Now that we have dispensed with the logs, let’s see what this fancy OCLUMON can do.

1. First off, we need to set the logging level for the daemon we’d like to monitor.

[root@flex1 tmp]# /u01/app/12.1.0.1/grid/bin/oclumon debug log osysmond CRFMOND:3

2. Next, start the process with the dumpnodeview

[root@flex1 tmp]# /u01/app/12.1.0.1/grid/bin/oclumon dumpnodeview -n flex1

----------------------------------------

Node: flex1 Clock: '14-02-07 00.02.08' SerialNo:2081 

----------------------------------------

SYSTEM:

#pcpus: 1 #vcpus: 1 cpuht: N chipname: Intel(R) cpu: 26.27 cpuq: 2 physmemfree: 141996 physmemtotal: 4055420 mcache: 2017648 swapfree: 3751724 swaptotal: 4063228 hugepagetotal: 0 hugepagefree: 0 hugepagesize: 2048 ior: 105 iow: 248 ios: 55 swpin: 0 swpout: 0 pgin: 105 pgout: 182 netr: 47.876 netw: 24.977 procs: 302 rtprocs: 12 #fds: 24800 #sysfdlimit: 6815744 #disks: 9 #nics: 3 nicErrors: 0

TOP CONSUMERS:

topcpu: 'apx_vktm_+apx1(7240) 3.40' topprivmem: 'java(19943) 138464' topshm: 'ora_mman_sport(14493) 223920' topfd: 'ocssd.bin(2778) 341' topthread: 'console-kit-dae(1973) 64' 



----------------------------------------

Node: flex1 Clock: '14-02-07 00.02.13' SerialNo:2082 

----------------------------------------

SYSTEM:

#pcpus: 1 #vcpus: 1 cpuht: N chipname: Intel(R) cpu: 46.13 cpuq: 17 physmemfree: 110400 physmemtotal: 4055420 mcache: 2027560 swapfree: 3751708 swaptotal: 4063228 hugepagetotal: 0 hugepagefree: 0 hugepagesize: 2048 ior: 7714 iow: 210 ios: 399 swpin: 0 swpout: 6 pgin: 7212 pgout: 190 netr: 19.810 netw: 17.537 procs: 303 rtprocs: 12 #fds: 24960 #sysfdlimit: 6815744 #disks: 9 #nics: 3 nicErrors: 0


TOP CONSUMERS:

topcpu: 'apx_vktm_+apx1(7240) 3.00' topprivmem: 'java(19943) 138464' topshm: 'ora_mman_sport(14493) 223920' topfd: 'ocssd.bin(2778) 341' topthread: 'console-kit-dae(1973) 64' 

This will regularly dump an output similar to a “top” command in linux. As with the diagcollection.pl script, there are date duration parameters for oclumon as well.

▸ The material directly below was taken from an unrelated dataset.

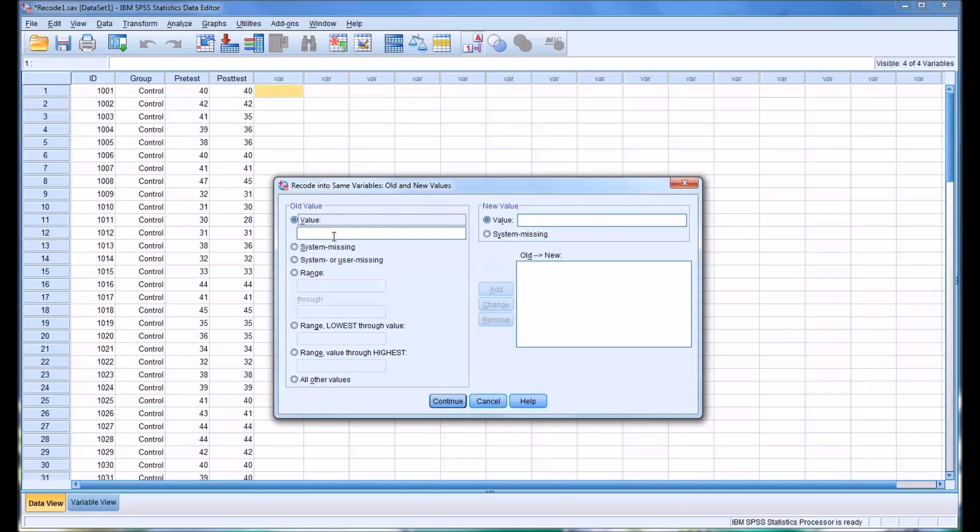So you have a few possibilities. You can specify an exact value and change it to another exact value. For example, we could take the 25 and make that into a 26, and then add it.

3. The data (in the MGMTDB instance) is stored in the CHM schema.

SQL> select table_name from dba_tables where owner = 'CHM';

TABLE_NAME
--------------------------------------------------------------------------------
CHMOS_SYSTEM_SAMPLE_INT_TBL
CHMOS_SYSTEM_CONFIG_INT_TBL
CHMOS_SYSTEM_PERIODIC_INT_TBL
CHMOS_SYSTEM_MGMTDB_CONFIG_TBL
CHMOS_CPU_INT_TBL
CHMOS_PROCESS_INT_TBL
CHMOS_DEVICE_INT_TBL
CHMOS_NIC_INT_TBL
CHMOS_FILESYSTEM_INT_TBL
CHMOS_ASM_CONFIG


10 rows selected.

4. As mentioned earlier, you can also manage the repository retention period from oclumon.

4.1 To find out the current settings, we can issue the -get parameter.

4.1.1 Find the repository size, in bytes.

[root@flex1 tmp]# /u01/app/12.1.0.1/grid/bin/oclumon manage -get repsize

CHM Repository Size = 136320

4.1.2 Find the repository data file location

[root@flex1 tmp]# /u01/app/12.1.0.1/grid/bin/oclumon manage -get reppath

CHM Repository Path = +DATA/_MGMTDB/DATAFILE/sysmgmtdata.260.835192031

4.1.3 Find the master and logger nodes

[root@flex1 tmp]# /u01/app/12.1.0.1/grid/bin/oclumon manage -get master

Master = flex1
[root@flex1 tmp]# /u01/app/12.1.0.1/grid/bin/oclumon manage -get alllogger

Loggers = flex1,
[root@flex1 tmp]# /u01/app/12.1.0.1/grid/bin/oclumon manage -get mylogger

Logger = flex1

4.2 To set parameters, follow some of the examples below.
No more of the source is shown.